Chaotic terrain: The name is quite accurate. Here the surface of the world once lost its support, when the aquifer below it drained rapidly away, downhill and over the horizon in a great outflow flood—in this case, down Echus Chasma, round the big bend of Kasei Vallis, down Kasei’s gorge canyon and out onto Chryse Planitia, some two thousand kilometers away. And when that happened the land came crashing down.
So you walk, or climb, or crawl, for day after day, across the tilted surfaces and broken edges of the great blocks of the fallen crust. You can see just what happened: The land dropped; it shattered; there was more of it than there was room for, and so it came to rest all atilt and acrackle. The violence of this ancient collapse has been scarcely masked by the three billion subsequent years of wind erosion and dustfall. It is an irony that such an unstable-looking landscape should actually be so ancient and unchanged.
So it is a matter of broken rock for as far as the eye can see. Which is not far, admittedly; even on the highest points along the way (the Maze Trail takes a line that runs from one of these to the next), the horizon is only three or four kilometers away. A very tight and jumbled wasteland of rust-tinted rock.

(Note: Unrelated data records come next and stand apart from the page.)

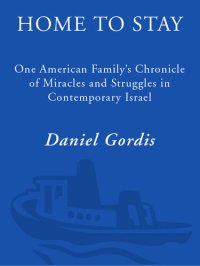 cover of the book Home to Stay: One American Family's Chronicle of Miracles and Struggles in Contemporary Israel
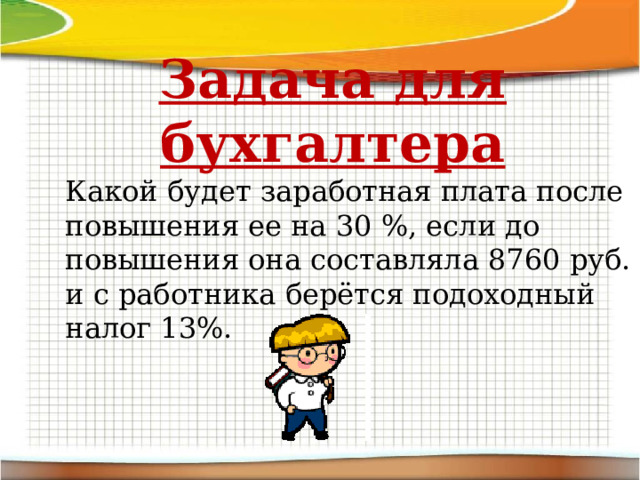 Задача для бухгалтера Какой будет заработная плата после повышения ее на 30 %, если до повышения она составляла 8760 руб. и с работника берётся подоходный налог 13%. 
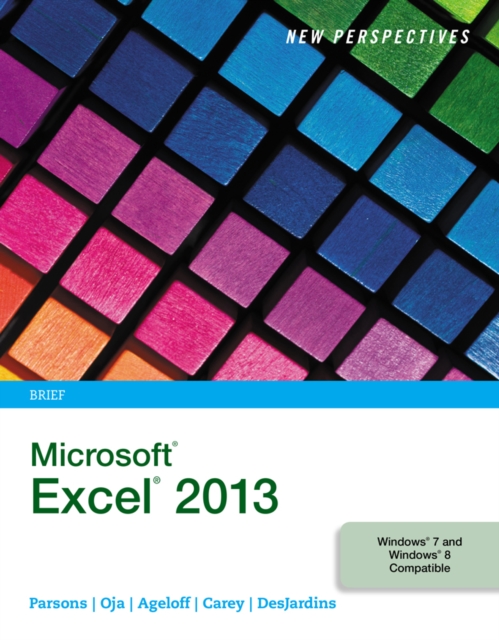 New Perspectives on Microsoft (R) Excel (R) 2013, Brief, Paperback / softback Book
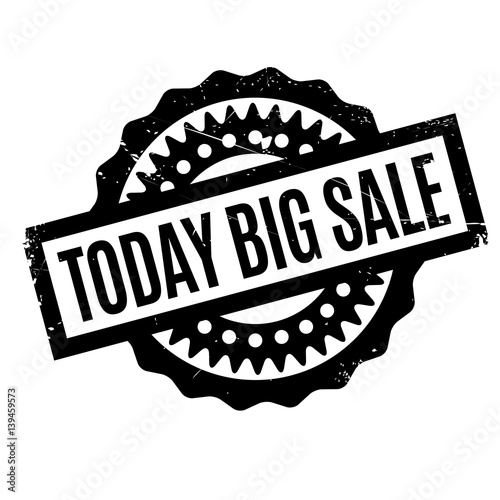 Today Big Sale rubber stamp. Grunge design with dust scratches. Effects can be easily removed for a clean, crisp look. Color is easily changed.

Then at the peak of one long roof beam of a ridge, you find yourself high enough that off to the east, a great distance away, just poking over the crackle, lie the tops of a mountain range, pale orange in the late-afternoon light. If you camp on this prominence, in the alpenglow the distant range looks like the side of a different world, rolling slowly up into the sky.

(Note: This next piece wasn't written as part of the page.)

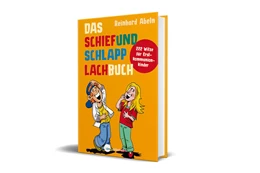 Abbildung von Abeln | Das Schiefundschlapplachbuch | 1. Auflage | 2016 | beck-shop.de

But the next morning you descend back into the maze of potholes and passlets, ridgelines and occasional flat block plateaus, like low rooftops in Manhattan. Crossing these terrains commands all your attention, and so you almost forget the sight of the distant mountain range, the problems are so great (it was in this region we found a providential crack in a thirty-meter cliff, which allowed us to climb down safely, lowering our packs on ropes)—until at the next prominence in your path through the chaos, it heaves back into view, closer now and seemingly taller, as one can see farther down its side. Not a mountain range, one now sees, but a cliff, extending north and south from horizon to horizon, etched in the usual spur-and-gully formation of cliffs everywhere, and somewhat saw-toothed at its top, but massively solid for all that—the etchings without any depth, like the brushing you see on certain metal surfaces.

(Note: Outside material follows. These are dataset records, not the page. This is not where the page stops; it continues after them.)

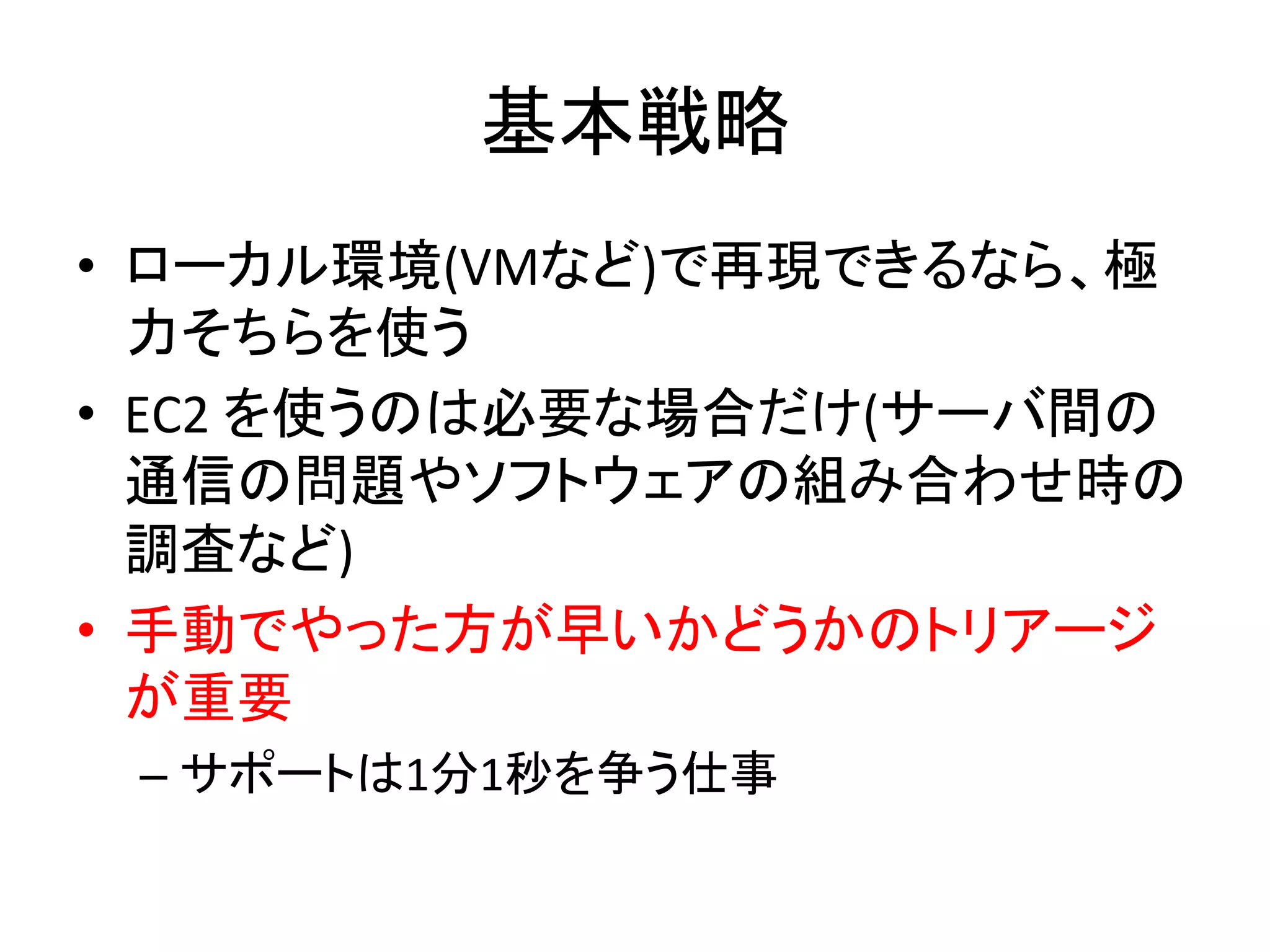 基本戦略	
  
•  ローカル環境(VMなど)で再現できるなら、極
力そちらを使う	
  
•  EC2	
  を使うのは必要な場合だけ(サーバ間の
通信の問題やソフトウェアの組み合わせ時の
調査など)	
  
•  手動でやった方が早いかどうかのトリアージ
が重要	
  
– サポートは1分1秒を争う仕事	
  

And each day, when it stands over your horizon at all, it’s closer. It tends to stay over the horizon longer; but never all the time, as very often you drop into the depths of the next sink in this sunken land. But eventually, continuing roughly eastward, every time you are not actually in the depths of a pothole, the cliff positively looms over the world to the east, towering over the horizon, which stubbornly remains no more than five kilometers away. So at that point you have two horizons, in effect; one near and low, the other far and high.